Embora o estudo da constituição do crédito tributário seja feito, por numerosa doutrina, somente no âmbito infraconstitucional, tendo as disposições do Código Tributário Nacional como ponto de partida, buscar-se-á demonstrar que, somente a partir da noção constitucional de tributo, bem como de sua função, tal como fixadas pela Constituição Federal, é que é possível examinar as vicissitudes do processo de constituição da obrigação tributária.
Adotando-se como premissa o conceito e a função constitucionais do tributo, pelos quais este constitui obrigação, atribuída aos indivíduos, de entregar parcela de seu patrimônio ao Estado para que este possa deter os meios materiais suficientes à consecução de seus fins, discutiremos o porquê da impossibilidade de interpretar-se a legislação tributária para atribuir ao sujeito passivo a responsabilidade pela constituição da obrigação.
A discussão está contextualizada, principalmente, no âmbito do lançamento por homologação, quando se diverge acerca dos efeitos jurídicos atribuídos pela lei às informações prestadas pelo contribuinte.
O entendimento quase que pacífico é de que tais informações teriam o condão de, por si sós, constituírem o crédito tributário, atribuindo-se ao ato do sujeito passivo a função de atestar a ocorrência do fato gerador e calcular o montante de tributo devido e seus acessórios.
Demonstraremos, todavia, que a análise dos institutos da constituição do crédito e do lançamento tributário por homologação, quando feitas em consonância com as disposições constitucionais, conduzem a uma interpretação que inviabiliza a idéia de substituição da autoridade administrativa fiscal pelo contribuinte.
A Constituição Federal, ao disciplinar o sistema tributário, fixou, ainda que implicitamente, o conceito de tributo por ela adotado, bem como deixou claro a função do instituto para o desempenho das funções do Estado. Sendo assim, qualquer interpretação da legislação infraconstitucional somente pode ser feita em consonância com os preceitos lá instituídos, o que tem repercussão direta, conforme buscar-se-á demonstrar, sobre o processo de constituição do crédito/obrigação tributária.
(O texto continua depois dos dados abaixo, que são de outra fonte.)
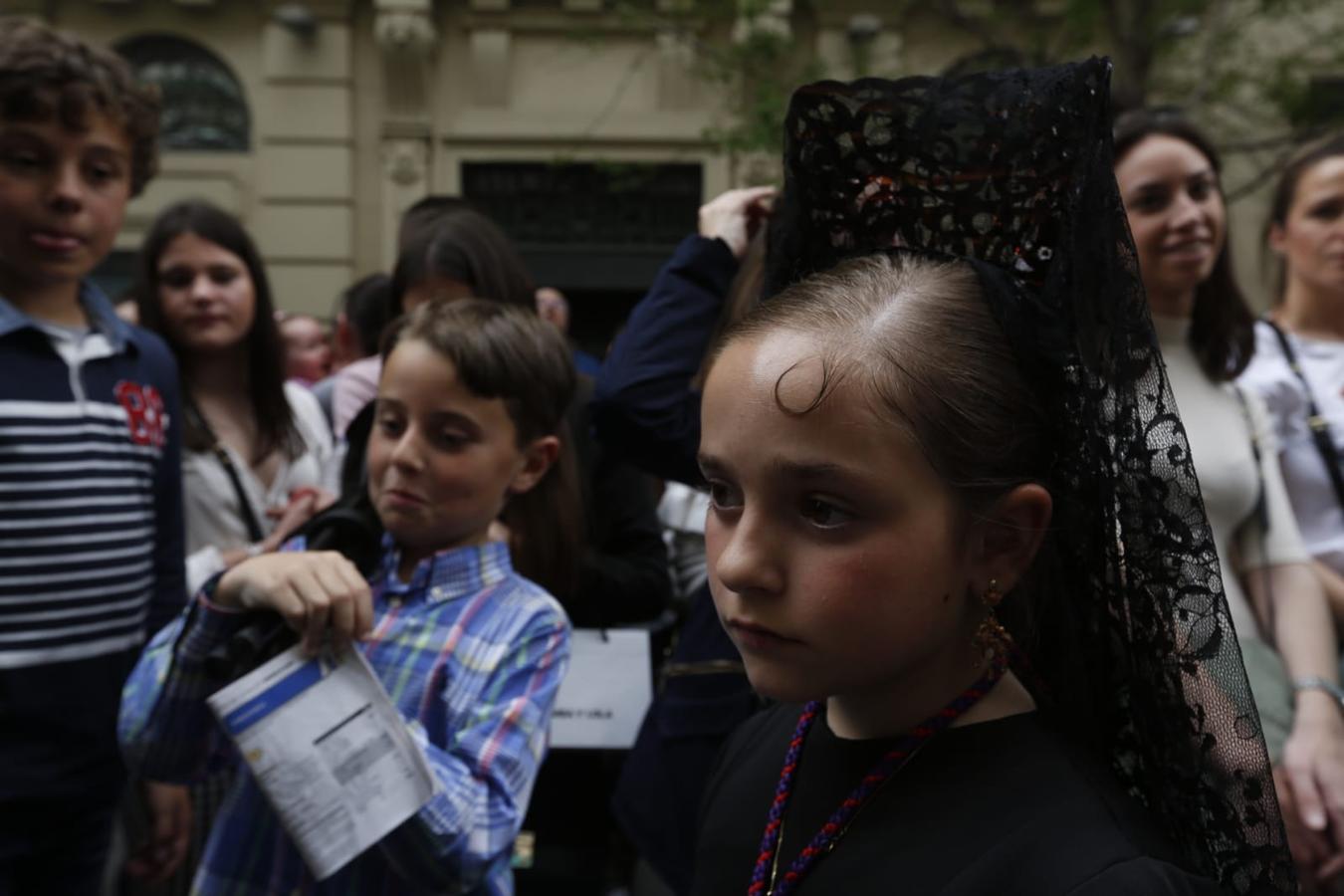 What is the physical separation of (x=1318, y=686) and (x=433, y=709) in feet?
5.39

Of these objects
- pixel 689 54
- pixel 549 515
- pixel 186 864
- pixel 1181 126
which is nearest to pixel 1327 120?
pixel 689 54

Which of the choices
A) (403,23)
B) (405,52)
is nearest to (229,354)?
(403,23)

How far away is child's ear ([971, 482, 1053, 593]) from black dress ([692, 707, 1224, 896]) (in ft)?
0.50

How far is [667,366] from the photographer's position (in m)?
2.24

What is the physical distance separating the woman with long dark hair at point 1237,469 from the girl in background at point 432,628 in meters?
1.20

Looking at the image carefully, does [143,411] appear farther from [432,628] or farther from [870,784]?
[870,784]

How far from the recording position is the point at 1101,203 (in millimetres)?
1089

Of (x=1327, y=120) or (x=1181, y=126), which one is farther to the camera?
(x=1327, y=120)

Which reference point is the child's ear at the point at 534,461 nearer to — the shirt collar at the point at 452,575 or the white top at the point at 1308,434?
the shirt collar at the point at 452,575

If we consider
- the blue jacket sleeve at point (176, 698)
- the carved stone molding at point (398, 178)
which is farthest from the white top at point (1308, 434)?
the carved stone molding at point (398, 178)

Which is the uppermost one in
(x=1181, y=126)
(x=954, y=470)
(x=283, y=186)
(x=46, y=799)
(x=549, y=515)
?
(x=283, y=186)

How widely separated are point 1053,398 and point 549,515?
149 cm

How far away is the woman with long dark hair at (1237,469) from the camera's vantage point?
6.81ft

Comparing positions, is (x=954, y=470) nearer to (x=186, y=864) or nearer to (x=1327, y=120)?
(x=186, y=864) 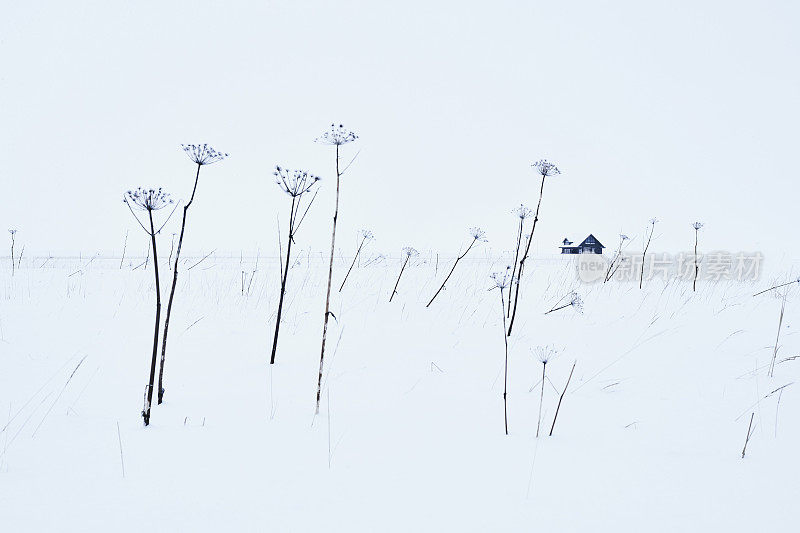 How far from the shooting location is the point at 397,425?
2209 millimetres

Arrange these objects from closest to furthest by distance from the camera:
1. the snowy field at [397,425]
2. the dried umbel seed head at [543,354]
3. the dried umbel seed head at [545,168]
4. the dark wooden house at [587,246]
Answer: the snowy field at [397,425] < the dried umbel seed head at [543,354] < the dried umbel seed head at [545,168] < the dark wooden house at [587,246]

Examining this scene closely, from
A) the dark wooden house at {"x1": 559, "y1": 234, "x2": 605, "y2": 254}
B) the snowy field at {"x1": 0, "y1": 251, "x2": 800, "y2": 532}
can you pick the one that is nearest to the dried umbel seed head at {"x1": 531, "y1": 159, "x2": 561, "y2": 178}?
the snowy field at {"x1": 0, "y1": 251, "x2": 800, "y2": 532}

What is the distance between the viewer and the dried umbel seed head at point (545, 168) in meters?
3.90

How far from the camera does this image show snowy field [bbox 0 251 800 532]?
1463 millimetres

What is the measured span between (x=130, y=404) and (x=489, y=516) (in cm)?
190

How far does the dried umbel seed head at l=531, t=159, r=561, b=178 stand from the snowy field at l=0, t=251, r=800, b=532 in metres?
1.31

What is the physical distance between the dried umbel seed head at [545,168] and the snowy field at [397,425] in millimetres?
1308

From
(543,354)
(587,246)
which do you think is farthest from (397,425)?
(587,246)

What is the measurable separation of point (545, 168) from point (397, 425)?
8.52ft

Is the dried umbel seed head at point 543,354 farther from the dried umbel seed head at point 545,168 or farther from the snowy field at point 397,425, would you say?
the dried umbel seed head at point 545,168

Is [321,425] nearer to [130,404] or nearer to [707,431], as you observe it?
[130,404]

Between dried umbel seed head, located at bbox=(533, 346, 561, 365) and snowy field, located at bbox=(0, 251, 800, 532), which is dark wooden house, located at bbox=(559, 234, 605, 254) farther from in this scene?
dried umbel seed head, located at bbox=(533, 346, 561, 365)

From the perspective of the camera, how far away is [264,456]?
1.81 meters

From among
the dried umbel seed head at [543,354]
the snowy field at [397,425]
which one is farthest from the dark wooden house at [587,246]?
the dried umbel seed head at [543,354] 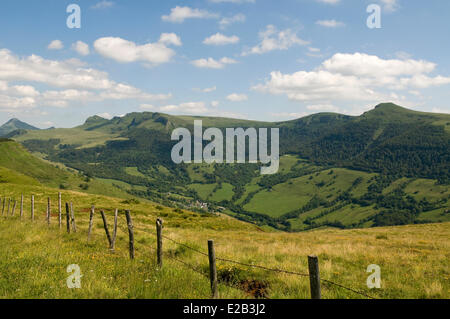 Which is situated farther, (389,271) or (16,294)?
(389,271)

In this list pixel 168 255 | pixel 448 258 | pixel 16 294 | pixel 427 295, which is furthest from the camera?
pixel 448 258

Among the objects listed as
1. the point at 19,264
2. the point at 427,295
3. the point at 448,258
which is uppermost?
the point at 19,264

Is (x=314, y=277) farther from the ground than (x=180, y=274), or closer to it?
farther from the ground

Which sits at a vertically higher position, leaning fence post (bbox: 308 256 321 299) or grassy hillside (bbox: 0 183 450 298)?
leaning fence post (bbox: 308 256 321 299)

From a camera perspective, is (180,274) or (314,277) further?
(180,274)

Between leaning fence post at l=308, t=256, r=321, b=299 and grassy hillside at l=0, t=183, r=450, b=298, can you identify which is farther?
grassy hillside at l=0, t=183, r=450, b=298

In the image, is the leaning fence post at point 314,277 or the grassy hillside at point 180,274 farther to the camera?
the grassy hillside at point 180,274

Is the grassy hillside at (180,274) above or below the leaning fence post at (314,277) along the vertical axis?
below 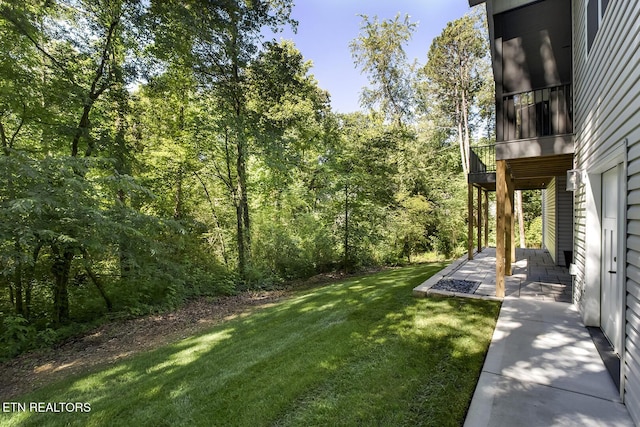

1. NOÇÃO CONSTITUCIONAL DE TRIBUTO
A apreensão do conceito constitucional de tributo passa, necessariamente, pela análise das configurações do atual sistema constitucional tributário, atribuídas pela Constituição Federal de 1988.
Ao delinear os contornos do modelo de tributação a ser adotado pela nova ordem constitucional que se inaugurava, a Constituição Federal de 1988 designou quais tributos poderão ser instituídos pelas pessoas políticas componentes da federação, distribuiu competência tributária aos entes federativos
para sua instituição, e delimitou seu exercício instituindo regras para resguardar o destinatário constitucional da carga tributária [01].
A ausência de um conceito expresso de tributo na Constituição alimenta, desde sua promulgação, profundas discussões no campo doutrinário, e acaba conduzindo ao equívoco de se buscar uma definição infraconstitucional para um instituto cuja natureza somente pode ser estudada a partir das disposições constitucionais que delimitam seus contornos.
Não obstante não tenha o constituinte se preocupado em fornecer um conceito expresso de tributo, não há dúvida de que ele esteja presente no corpo do texto de forma implícita, o que não desqualifica sua fundamental importância para a configuração do sistema tributário moldado pela Carta Magna. Outra não poderia ser nossa conclusão.
Com efeito, não nos parece razoável a idéia de que a Constituição Federal tenha distribuído a competência para a instituição de tributos entre os entes federados sem que tenha ao menos definido as delimitações conceituais do instituto cujo poder de instituição estava conferindo, sob pena de total esvaziamento do sistema tributário que instaurava.
O conceito de tributo tem, indiscutivelmente, sede constitucional. Conforme ensinamento do eminente mestre Geraldo Ataliba [02], cujas lições permearão todo o estudo,
Constrói-se o conceito jurídico-positivo de tributo pela observância e análise das normas jurídicas constitucionais. (...) A Constituição de 1988 adota um preciso – embora implícito – conceito de tributo.
De outra forma não poderia ser. A Constituição Federal instituiu o regime tributário brasileiro em forma de sistema, e assim sendo, organizou o conjunto de princípios e regras, de forma harmônica e coerente, em torno de um conceito aglutinante, que permeia a noção de sistema, e esse conceito basilar é o de tributo.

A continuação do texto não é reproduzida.